There are some people who will
spend lots of money on real
estate courses that don’t teach much of anything.
They end up being back at
square one. Find a good real estate agent that is willing to genuinely help you. Sometimes, you may be fortunate enough to find one that
is
also an investor on the side.
Calculating Your Cash Flow
As a real estate investor,
you need to be able to calculate all
of the
cash flow that
comes from your properties.
You want to make sure that you are making a profit. You will
also be able to make decisions on real
estate investments that you may purchase in the future.
In order to calculate
your cash flow, you will
need to add up how much rent you will get
from your tenants.
If you have more than one unit, take into consideration any vacancies you may
have. Depending on how your property looks, include a small percentage of the vacancy rate into the equation.

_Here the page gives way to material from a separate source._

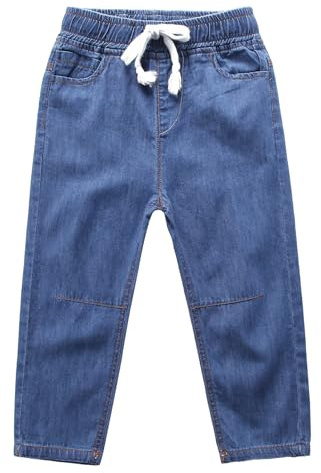 Happy Cherry - Boy Denim Pants Kids Boot Cut Jeans Elasti Waist Casual Summer Pants Cotton Stretch Trousers Loose Fit Breathable with Adjustable Drawstring for Child Age 2-12 Years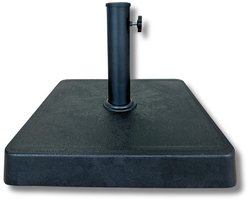 PimXL Parasolvoet vierkant - Massief beton - Geschikt voor stokdiameter 38/48mm - Zwart - 43x43 cm - 16kg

With the total rental amount, get
a figure for your losses. You will
have to include property expenses, mortgage loan interest
and property depreciation.
Deduct the expenses from your total rental income in order to get your losses or savings for taxes. With that, you will
either add or deduct
that from your expected amount from your tenants. Take your operating expenses and monthly mortgage payment(s) and deduct them for a second time. The result
will
be your cash flow.
When you come up with a cash flow amount, you will be able to figure out how much you will charge for rent if you decide to purchase future real
estate properties. It’s important that whatever money you make, that you don’t squander it. Put it away because eventually you will need it for other things relating to your investment properties.
Changing Negative Cash Flow To Positive Cash Flow
When you have negative cash flow, you are not making a profit. You are paying out more in expenses than you are taking in as profit. That’s not how you want
to
operate when you’re investing in real estate properties.
Here are some
ways that you can chance the negative cash flow to a positive one:
• Implement a rent
increase. Only increase it to the amount
of the current market. Don’t overdo it, other wise you may not have any tenants.

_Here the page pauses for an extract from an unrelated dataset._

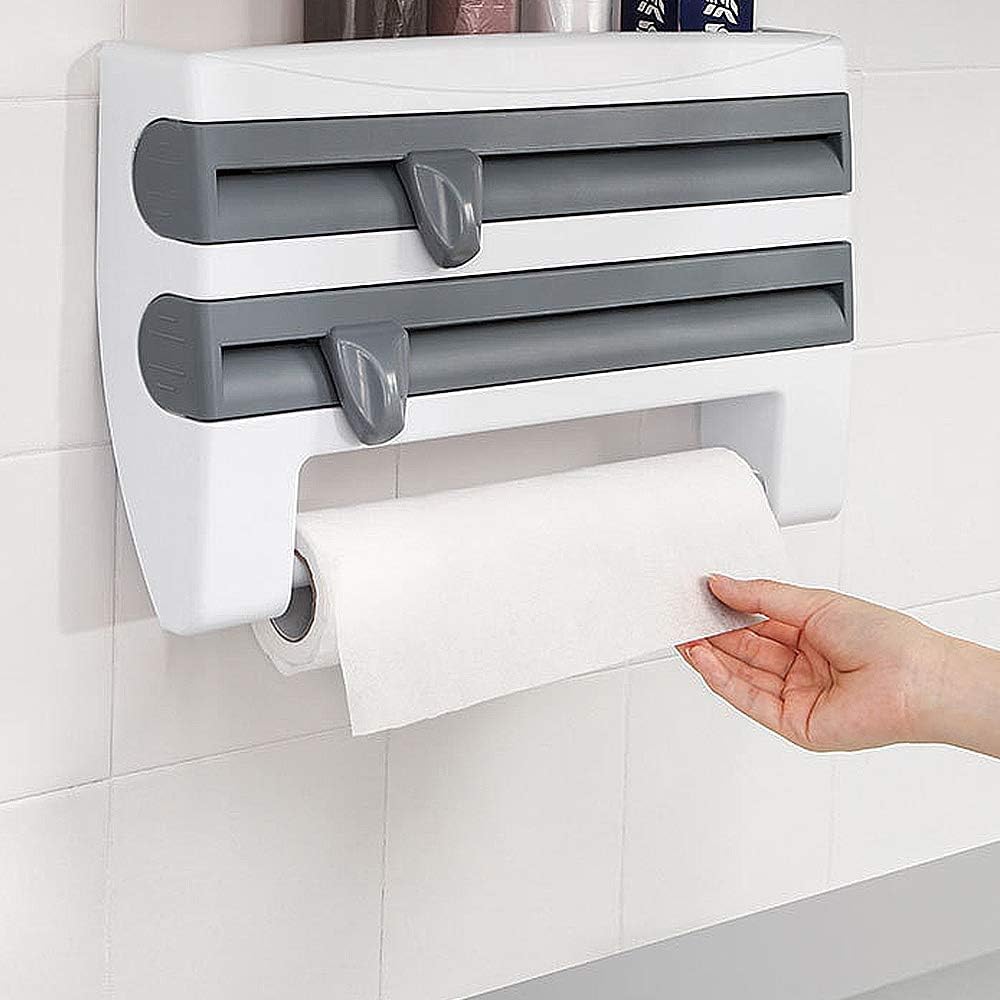 4‑in‑1 Kitchen Paper Dispenser – Wall Mounted Foil, Cling Wrap & Tissue Holder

• Make the tenants pay the utilities. This would relieve a burden from you.
Besides, since they are living in your property, they will be using utilities every day.
• Go over your property taxes to see if you can find anything that
may have been missed before.
Who knows—you may find out that you were charged more in taxes than you should have been charged.
• Contact your insurance company and see about paying more for your deductible. Then make inquiries
about getting a better deal for coverage on the property.